One pilot thinks the late 1960s and early ‘70s. When do you think it was?
What era would you consider general aviation’s golden years? A fellow pilot asked me this question recently and it was quite thought provoking. Today’s glass cockpits, avionics, and electronic charts are wondrous devices that make technology from the 1990s seem positively quaint. But what about the exciting and innovating days of the 1950s and 1960s where manufacturers were churning out new models at an alarming rate and entire new categories of airplanes were birthed? Or what about the early 1970s when gas was still cheap, airplanes were abundant, and the interiors oh so groovy?
During the 1950s and 1960s, while the world was witnessing the dawn of the jet age and the race to space, GA pilots were introduced to new models and new configurations such as light twins. The tailwheel was giving way to the easy-to-use tricycle gear. And turbines were starting to make inroads to the high end of the market making obsolete the surplus-war-era-bomber-as-corporate-barge days. GA’s big three (Beech, Cessna, Piper) were introducing several new models as soon as engine manufacturers came out with a new motor – in itself, a rarity these days.
In the early part of the 1970s, my family took a trip all the way to the west coast and back in our Baron. Gas was cheap and the airlines were regulated and expensive, making private flight cost effective – especially when you filled all the seats as we did. The 1970s brought explosive growth in the population of pilots and airplanes as well. Manufacturers cranked out tens of thousands of GA airplanes and fuel was still cheap until the end of the decade.
By the mid 1980s, the bottom had fallen out. Manufacturers and pilots were spooked by the oil crisis. Airplane production plummeted to a trickle and product-liability lawsuits targeting manufacturers were pushing the price of new airplanes to unattainable levels for most recreational pilots.
Because of the huge price jump in new airplanes, used models began retaining their values quite well in the 1990s and early 2000s. However, the introduction of glass cockpit-equipped airplanes in the mid 2000s forever separated new from used airplanes. No longer could an owner install the same avionics and instruments in his airplane as those being installed at the factory and call your airplane “good as new.” Glass cockpits such as the G1000 system, truly integrate ALL of the airplane’s systems into one. Doing that with a “legacy” airplane would be cost prohibitive.
Given the following eras in GA, I’d peg the Golden Age as the period between the mid 1960s and the mid 1970s. These were the days when the engineers at the major manufacturers would scratch their heads while rummaging through parts bins at their respective plants creating exciting new models. Remember the Piper Comanche 400? Take a single-engine Comanche and drop a massive, eight-cylinder, 400 hp, Lycoming IO-720 in the nose and blast off at 200 knots. Or Beechcraft, which put a pair of turbocharged 380-hp Lycomings on a Baron C55 to create a 300-mph screamer that makes contrails at 30,000 feet? These were just two of many exciting models introduced in that era.

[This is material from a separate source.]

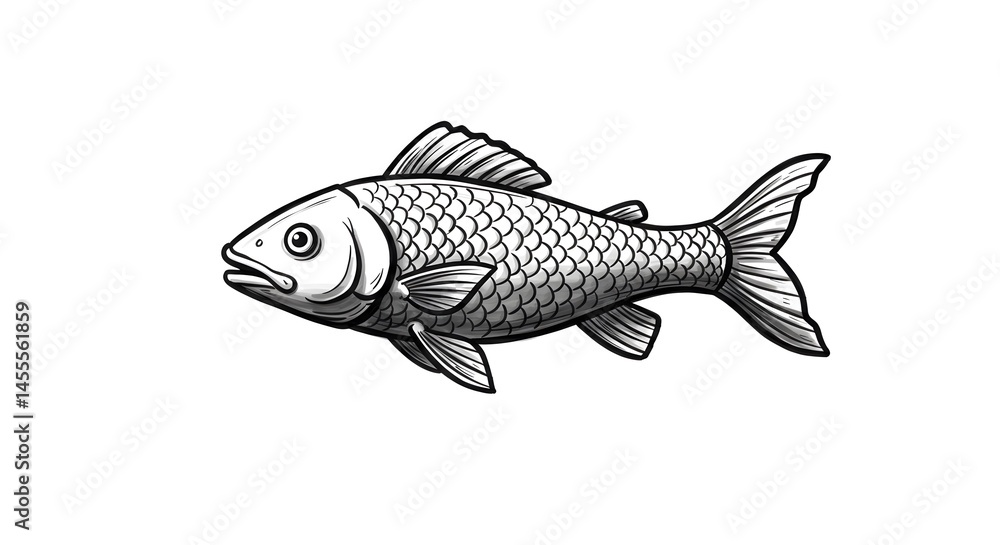 Fototapeta premium Detailed Fish Illustration on White Background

In those days, with no Internet, pilots couldn’t wait for the trade magazines to come in the mail with lots of glossy-picture ads and pilot reports detailing the many new airplanes. When I was a kid, my Dad hardly got to see his magazines what with three young airplane nuts in the house grabbing the latest AOPA Pilot, Flying, or B/CA that arrived. That reminds me – there were a lot more publications back then too. Remember Aero, Air Progress, and the original Air Facts, among many others?
As far as avionics go, this was a heady time as well. Narco and King were constantly innovating and reducing the size of avionics while adding capability. Instead of hundreds of pounds of remotely mounted radio gear taking up valuable baggage space and useful load, tiny, solid-state units were installed right in the instrument panel vastly reducing wiring and unnecessary weight. As a boy, I remember our family’s Baron was in the radio shop getting a new stack of Narco’s latest and my Dad handed me a bundle of wires that was removed from the airplane. I could barely lift it!
While GPS or even a practical loran weren’t even a glimmer on the horizon in the mid 1970s, pilots managed to find their way just fine using VOR and ADF, or just plain pilotage. After all, this was gee-whiz technology compared to the four-course radio range. Airspace was pretty simple too. If you stayed more than five miles from any large airport, you were pretty well safe in nearly all of the U.S., even Washington D.C. Today, pilots have to fly precise paths through or around complicated airspace, sometimes difficult even with a GPS. At least we have moving maps to help us through the maze these days.
I long for the days of cheap gas, bold designs and innovation among the manufacturers, as well as the excitement of getting a stack of aviation magazines in the mailbox. What era do you consider to be GA’s Golden Age?